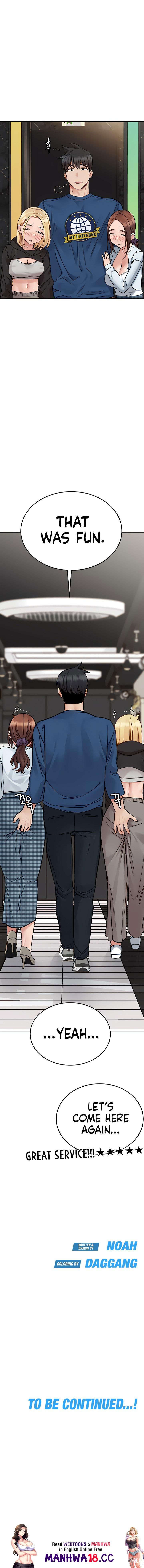 Keep it a secret from your mother! Keep it a secret from your mother! Chapter 96 - Page 32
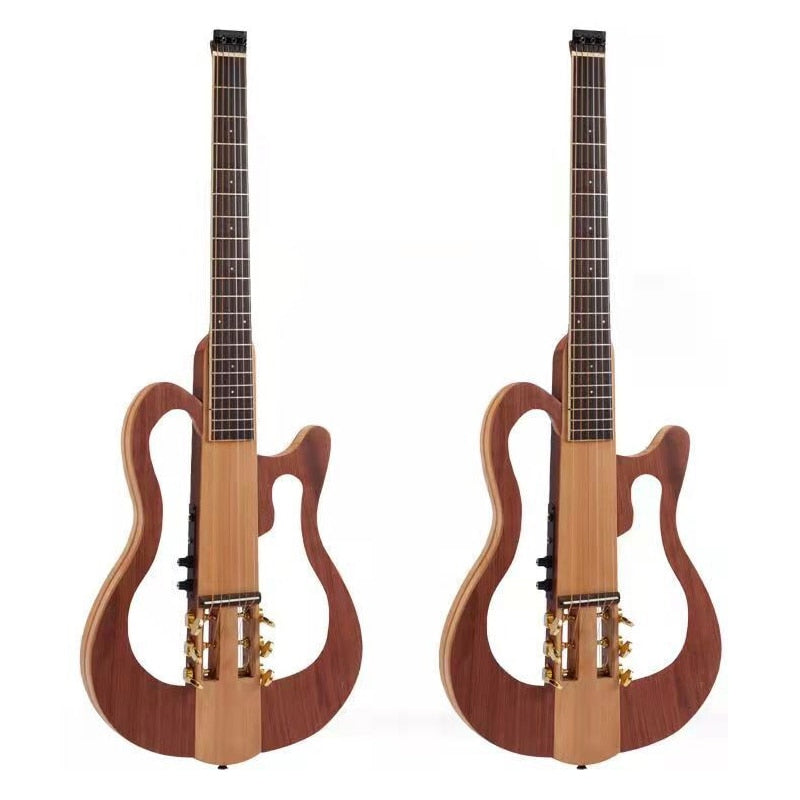 Best Silent Foldable Guitar'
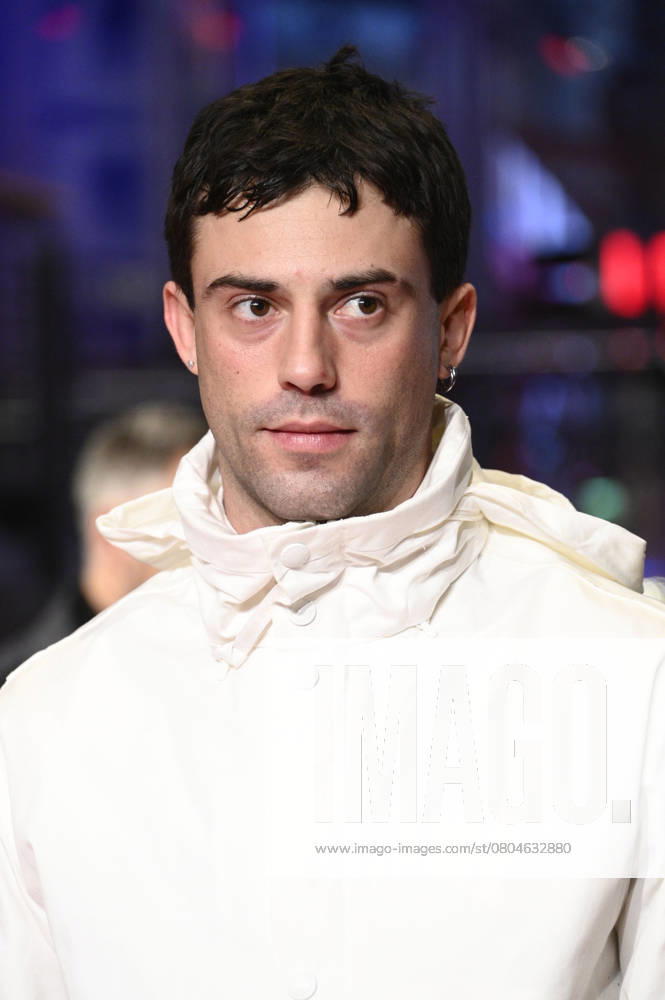 Aaron Altaras at the Closing Ceremony with Award Ceremony at the Berlinale 2025 75 Berlin International Film Festival in the Berlinale Palast Berlin, 22 02 2025 Foto:xN.xKubelkax xFuturexImagex closing_berlinale_5347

----

=== YOUR OBJECTIVE ===
Return the data above unchanged. Pictures are not part of the copy.

=== ANSWER BELOW ===
 Keep it a secret from your mother! Keep it a secret from your mother! Chapter 96 - Page 32
 Best Silent Foldable Guitar'
 Aaron Altaras at the Closing Ceremony with Award Ceremony at the Berlinale 2025 75 Berlin International Film Festival in the Berlinale Palast Berlin, 22 02 2025 Foto:xN.xKubelkax xFuturexImagex closing_berlinale_5347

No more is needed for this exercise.